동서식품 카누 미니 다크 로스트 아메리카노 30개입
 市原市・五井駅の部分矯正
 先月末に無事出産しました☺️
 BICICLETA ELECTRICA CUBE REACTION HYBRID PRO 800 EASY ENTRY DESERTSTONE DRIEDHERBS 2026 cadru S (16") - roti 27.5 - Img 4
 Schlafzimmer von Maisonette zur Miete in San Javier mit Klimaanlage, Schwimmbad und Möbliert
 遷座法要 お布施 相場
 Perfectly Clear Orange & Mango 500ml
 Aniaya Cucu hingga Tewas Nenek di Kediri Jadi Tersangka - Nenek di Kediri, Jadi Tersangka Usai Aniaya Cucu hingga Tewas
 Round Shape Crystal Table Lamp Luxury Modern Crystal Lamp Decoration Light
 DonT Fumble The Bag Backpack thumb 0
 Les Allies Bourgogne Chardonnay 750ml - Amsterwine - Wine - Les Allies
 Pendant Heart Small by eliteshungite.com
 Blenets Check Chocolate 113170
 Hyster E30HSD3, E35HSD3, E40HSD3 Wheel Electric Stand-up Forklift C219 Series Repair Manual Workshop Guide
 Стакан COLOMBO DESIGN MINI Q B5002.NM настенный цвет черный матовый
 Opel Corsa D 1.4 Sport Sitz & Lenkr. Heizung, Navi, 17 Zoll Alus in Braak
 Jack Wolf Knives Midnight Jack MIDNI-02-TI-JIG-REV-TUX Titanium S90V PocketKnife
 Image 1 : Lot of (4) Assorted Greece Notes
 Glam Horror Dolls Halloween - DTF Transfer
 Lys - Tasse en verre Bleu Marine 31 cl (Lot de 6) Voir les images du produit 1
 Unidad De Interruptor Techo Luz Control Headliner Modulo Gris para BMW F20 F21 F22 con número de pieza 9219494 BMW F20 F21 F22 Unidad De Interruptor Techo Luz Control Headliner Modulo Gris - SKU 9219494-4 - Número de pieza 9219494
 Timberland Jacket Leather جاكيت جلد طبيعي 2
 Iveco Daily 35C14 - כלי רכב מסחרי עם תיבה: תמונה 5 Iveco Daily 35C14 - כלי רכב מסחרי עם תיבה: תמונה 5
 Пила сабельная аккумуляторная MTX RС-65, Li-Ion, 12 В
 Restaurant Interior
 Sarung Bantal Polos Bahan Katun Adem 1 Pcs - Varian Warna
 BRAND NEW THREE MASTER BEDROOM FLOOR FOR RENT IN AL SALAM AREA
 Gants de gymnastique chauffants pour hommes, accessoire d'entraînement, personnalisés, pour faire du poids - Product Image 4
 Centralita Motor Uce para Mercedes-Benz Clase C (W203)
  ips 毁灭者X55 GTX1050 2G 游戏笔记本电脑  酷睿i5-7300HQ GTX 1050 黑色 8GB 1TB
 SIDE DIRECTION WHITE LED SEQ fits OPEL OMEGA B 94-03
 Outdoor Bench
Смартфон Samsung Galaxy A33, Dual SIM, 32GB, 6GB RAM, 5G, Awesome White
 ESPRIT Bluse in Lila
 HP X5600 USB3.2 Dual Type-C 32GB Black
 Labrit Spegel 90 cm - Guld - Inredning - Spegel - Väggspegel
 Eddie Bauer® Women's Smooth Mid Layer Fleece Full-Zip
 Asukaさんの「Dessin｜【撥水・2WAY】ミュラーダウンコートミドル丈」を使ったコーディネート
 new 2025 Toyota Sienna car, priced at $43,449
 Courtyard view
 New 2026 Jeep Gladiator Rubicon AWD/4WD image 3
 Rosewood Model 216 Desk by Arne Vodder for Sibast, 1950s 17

# # #

• [WHAT THIS TASK INVOLVES] Which lines of the data contain "para"? Copy them all.

• [ANSWER SECTION]
 Unidad De Interruptor Techo Luz Control Headliner Modulo Gris para BMW F20 F21 F22 con número de pieza 9219494 BMW F20 F21 F22 Unidad De Interruptor Techo Luz Control Headliner Modulo Gris - SKU 9219494-4 - Número de pieza 9219494
 Centralita Motor Uce para Mercedes-Benz Clase C (W203)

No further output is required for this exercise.